== Task details ==
Scan the material that follows. Copy every line containing the word "Image".

━━━━━━━━━━━━━━━━━━━━

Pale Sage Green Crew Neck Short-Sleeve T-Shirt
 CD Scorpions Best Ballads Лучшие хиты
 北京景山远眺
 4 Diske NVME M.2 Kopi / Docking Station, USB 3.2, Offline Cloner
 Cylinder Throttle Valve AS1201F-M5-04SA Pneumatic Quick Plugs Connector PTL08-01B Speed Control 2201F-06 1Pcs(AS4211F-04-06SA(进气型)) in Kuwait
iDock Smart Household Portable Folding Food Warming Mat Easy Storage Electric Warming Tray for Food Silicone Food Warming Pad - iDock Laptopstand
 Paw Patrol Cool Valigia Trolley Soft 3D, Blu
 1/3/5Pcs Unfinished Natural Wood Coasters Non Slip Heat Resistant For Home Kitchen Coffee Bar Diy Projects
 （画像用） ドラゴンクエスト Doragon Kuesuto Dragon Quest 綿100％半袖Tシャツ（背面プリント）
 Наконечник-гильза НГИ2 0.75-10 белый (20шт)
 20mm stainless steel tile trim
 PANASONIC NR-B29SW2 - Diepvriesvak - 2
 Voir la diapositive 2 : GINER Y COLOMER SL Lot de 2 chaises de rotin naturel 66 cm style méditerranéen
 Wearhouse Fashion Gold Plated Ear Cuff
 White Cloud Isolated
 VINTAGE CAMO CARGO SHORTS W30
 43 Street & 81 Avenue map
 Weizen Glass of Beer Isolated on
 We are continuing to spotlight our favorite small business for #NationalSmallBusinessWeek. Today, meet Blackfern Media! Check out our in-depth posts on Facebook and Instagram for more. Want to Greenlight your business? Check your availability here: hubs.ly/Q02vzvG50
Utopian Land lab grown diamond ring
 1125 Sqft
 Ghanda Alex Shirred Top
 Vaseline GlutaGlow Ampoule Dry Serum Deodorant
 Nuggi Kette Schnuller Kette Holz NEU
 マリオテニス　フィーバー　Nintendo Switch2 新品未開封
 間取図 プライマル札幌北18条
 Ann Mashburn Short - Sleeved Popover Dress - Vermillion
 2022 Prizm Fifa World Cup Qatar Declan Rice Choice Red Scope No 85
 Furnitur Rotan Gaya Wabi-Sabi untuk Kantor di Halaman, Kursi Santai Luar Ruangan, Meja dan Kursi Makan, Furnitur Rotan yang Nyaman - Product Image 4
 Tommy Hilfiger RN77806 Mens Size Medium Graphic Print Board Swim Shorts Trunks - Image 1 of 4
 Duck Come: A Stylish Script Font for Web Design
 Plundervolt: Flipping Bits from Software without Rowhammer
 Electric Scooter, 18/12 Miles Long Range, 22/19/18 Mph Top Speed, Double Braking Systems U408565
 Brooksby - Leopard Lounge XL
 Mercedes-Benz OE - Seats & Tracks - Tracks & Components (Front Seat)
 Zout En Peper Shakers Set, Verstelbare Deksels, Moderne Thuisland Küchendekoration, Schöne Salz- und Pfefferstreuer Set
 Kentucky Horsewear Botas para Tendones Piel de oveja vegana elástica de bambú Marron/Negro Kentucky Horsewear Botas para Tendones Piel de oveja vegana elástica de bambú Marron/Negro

━━━━━━━━━━━━━━━━━━━━

== Problem solution ==
 Furnitur Rotan Gaya Wabi-Sabi untuk Kantor di Halaman, Kursi Santai Luar Ruangan, Meja dan Kursi Makan, Furnitur Rotan yang Nyaman - Product Image 4
 Tommy Hilfiger RN77806 Mens Size Medium Graphic Print Board Swim Shorts Trunks - Image 1 of 4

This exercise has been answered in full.